Patients who've recently undergone surgery -- especially those with cancer or autoimmune diseases -- experience slightly higher risks of developing a rare muscle disorder soon afterward, new research suggests.
Evaluating 20 years of data, scientists found that 15 percent of patients who developed Guillain-Barre syndrome had undergone a surgical procedure in the prior eight weeks.
Guillain-Barre is a rare syndrome affecting only about one in 100,000 people. Symptoms include increasing muscle weakness that sometimes leads to total paralysis, according to the U.S. National Institutes of Health. It can be fatal if it interferes with breathing.
"I don't think patients for any reason should be dissuaded from undergoing a surgical procedure they need because of this [research]," said study author Dr. Sara Hocker. She is an associate professor of neurology at the Mayo Clinic in Rochester, Minn.
"Out of 50,000 surgical procedures, we found 31 patients [who later developed Guillain-Barre]," Hocker added. "It's a rarity."
Thought to originate in the immune system, Guillain-Barre syndrome has been linked in prior research to respiratory or gastrointestinal viral infections and certain vaccinations, though it can strike anyone. Zika virus may also be connected to Guillain-Barre syndrome.
For this study, Hocker and her colleagues reviewed the incidence of Guillain-Barre syndrome in Mayo Clinic patients within two months of having a surgical procedure between 1995 and 2014. Those with post-surgical Guillain-Barre were compared to patients who didn't undergo surgery prior to its onset.
Of the 208 total patients (average age 55) who developed Guillain-Barre syndrome in that time period, 31 had recently undergone surgery. The average time lapse between surgery and Guillain-Barre onset was 19 days, the study found.
Notably, 61 percent of those 31 patients had a known cancer diagnosis, while 29 percent suffered from an autoimmune condition, such as ulcerative colitis, type 1 diabetes or rheumatoid arthritis, among others.
This means patients with cancer within the prior six months were seven times more likely to develop Guillain-Barre syndrome after surgery, and those with autoimmune illnesses were five times more likely, the researchers said. Autoimmune disorders occur when the body attacks its own tissues.
"Substantial evidence has already been found to support an autoimmune cause of [Guillain-Barre syndrome]," Hocker said. "Perhaps the surgical procedure itself and the stress of anesthesia triggered an autoimmune reaction in those who were predisposed."
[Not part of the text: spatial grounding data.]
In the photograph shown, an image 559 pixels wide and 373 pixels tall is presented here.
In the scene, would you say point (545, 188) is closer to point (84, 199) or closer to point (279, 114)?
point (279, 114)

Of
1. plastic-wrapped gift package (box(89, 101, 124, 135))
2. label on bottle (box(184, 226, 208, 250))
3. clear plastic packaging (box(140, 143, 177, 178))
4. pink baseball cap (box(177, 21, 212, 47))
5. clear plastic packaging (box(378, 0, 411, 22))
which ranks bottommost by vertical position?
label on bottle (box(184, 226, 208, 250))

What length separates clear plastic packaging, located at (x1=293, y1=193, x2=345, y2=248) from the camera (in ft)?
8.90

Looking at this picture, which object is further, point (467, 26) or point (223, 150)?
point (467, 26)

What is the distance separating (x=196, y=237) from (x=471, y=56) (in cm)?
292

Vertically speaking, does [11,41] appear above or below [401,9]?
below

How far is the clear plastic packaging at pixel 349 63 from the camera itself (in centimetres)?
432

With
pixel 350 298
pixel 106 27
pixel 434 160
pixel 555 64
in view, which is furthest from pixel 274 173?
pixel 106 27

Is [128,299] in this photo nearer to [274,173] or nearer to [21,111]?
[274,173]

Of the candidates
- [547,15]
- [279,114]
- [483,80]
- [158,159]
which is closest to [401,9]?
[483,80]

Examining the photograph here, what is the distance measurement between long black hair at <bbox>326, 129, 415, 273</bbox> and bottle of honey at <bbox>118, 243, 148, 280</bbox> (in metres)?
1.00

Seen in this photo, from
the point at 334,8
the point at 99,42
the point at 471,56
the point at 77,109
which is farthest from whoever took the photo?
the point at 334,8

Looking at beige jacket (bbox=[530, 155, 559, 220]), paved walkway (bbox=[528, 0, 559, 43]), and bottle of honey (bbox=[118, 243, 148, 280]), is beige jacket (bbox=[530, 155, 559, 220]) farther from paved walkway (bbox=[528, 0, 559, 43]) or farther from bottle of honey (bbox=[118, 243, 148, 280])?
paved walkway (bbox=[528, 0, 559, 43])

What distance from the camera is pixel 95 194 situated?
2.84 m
What symptoms might post-surgical patients watch out for?
Dr. Thomas Mueller, section chief of neurology at Christiana Care Health System in Wilmington, Del., said Guillain-Barre usually starts with tingling in the fingers and toes. "But the real hallmark is progressive weakness over days," he said.
"There's a whole range of [Guillain-Barre syndrome] -- it can be really mild or really severe," Mueller added. Treatment involves blood plasma exchange or infusions of healthy donor antibodies, he said.
Dr. Eugene Lai, a neurologist at Houston Methodist Hospital in Texas, said the new findings that seem to link Guillain-Barre syndrome to surgery "could still be a coincidence." Lai questioned whether another, unknown factor may have contributed to the results.
"It's a good start with interesting results that brings people's awareness to a potential trigger for [Guillain-Barre syndrome]," Lai said, "but more study needs to be done."
The association reported by the researchers doesn't prove a cause-and-effect relationship.
Hocker noted her research was limited by its retrospective nature, which looked back at data that had already been gathered by other researchers.
"It was largely dependent on what was already written in the [patient] charts," she said. "I think having a prospective [forward-looking] registry or other format to dig deeper to the differences between those patients who develop Guillain-Barre syndrome after surgery and those who develop it in the general community would be better."
The study was published online Nov. 23 in the journal Neurology: Clinical Practice.